YOUR TASK:
Print out the data precisely as it appears here, with no pictures.

DATA SEGMENT:
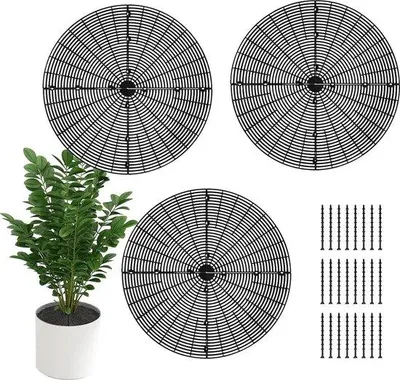 Produktbild von Schutzset für Pflanzenkästen, Bodenschutz für Pflanzenkästen mit 30 cm, Pflanzenkästen-Sauger aus Kunststoff mit Erdnageln, Schutznetz für Pflanzenkästen für Kinder und Haustiere.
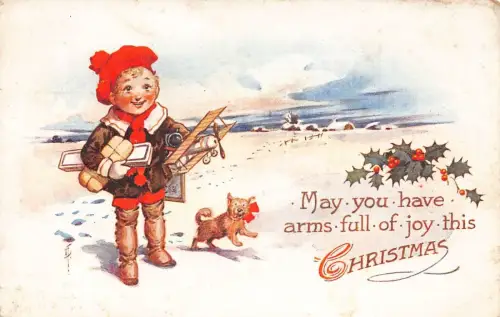 A047 Weihnachtsgrüße Kind Junge Spielzeug Flugzeug Hund Mistel Schnee Postkarte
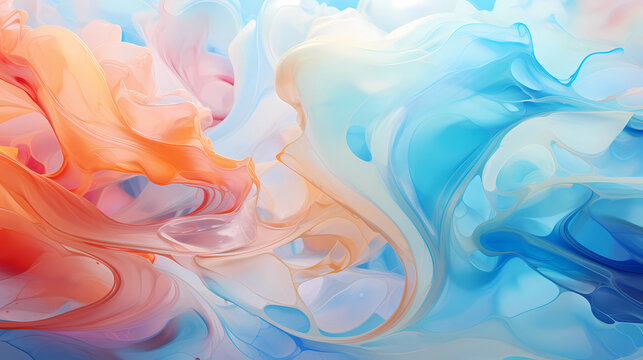 Blue peach abstract wave swirling smoke background pattern 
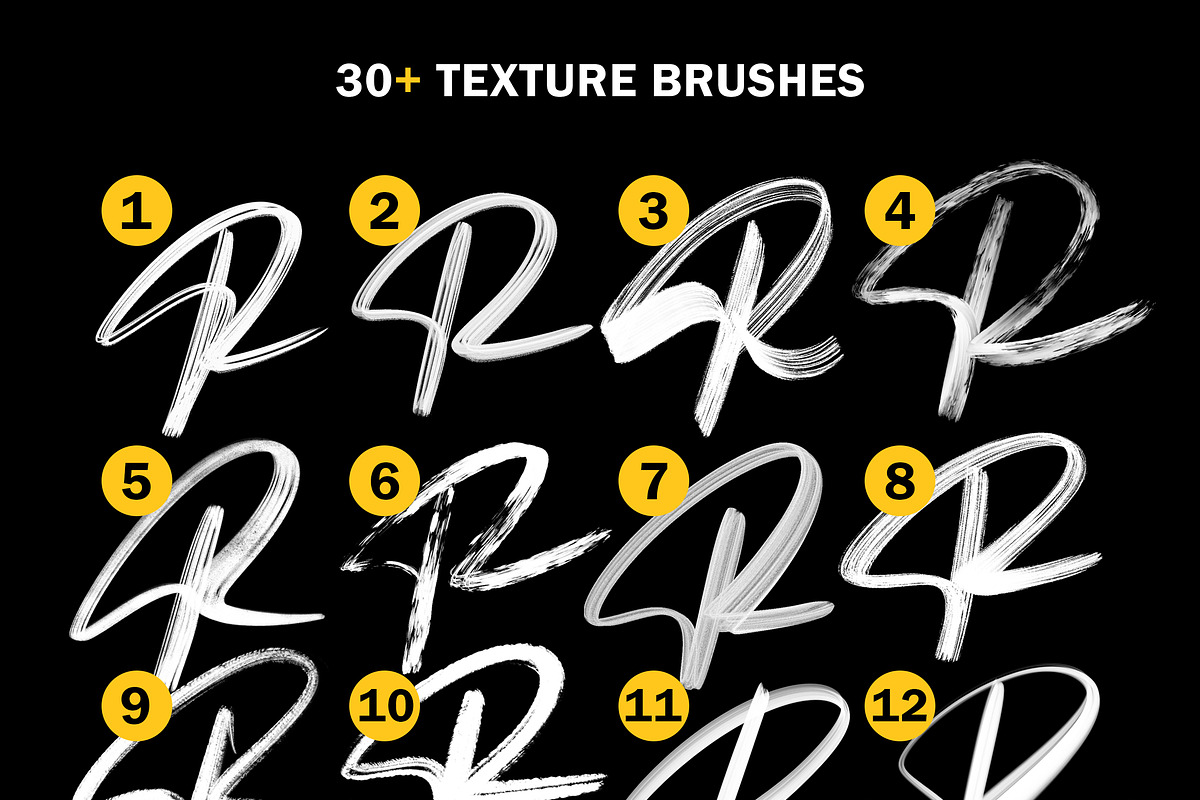 30+ Procreate Lettering Brushes, a Brush Add-On by Nurmiftah (Photo 6 of 11)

PROBLEM SOLUTION:
 Produktbild von Schutzset für Pflanzenkästen, Bodenschutz für Pflanzenkästen mit 30 cm, Pflanzenkästen-Sauger aus Kunststoff mit Erdnageln, Schutznetz für Pflanzenkästen für Kinder und Haustiere.
 A047 Weihnachtsgrüße Kind Junge Spielzeug Flugzeug Hund Mistel Schnee Postkarte
 Blue peach abstract wave swirling smoke background pattern 
 30+ Procreate Lettering Brushes, a Brush Add-On by Nurmiftah (Photo 6 of 11)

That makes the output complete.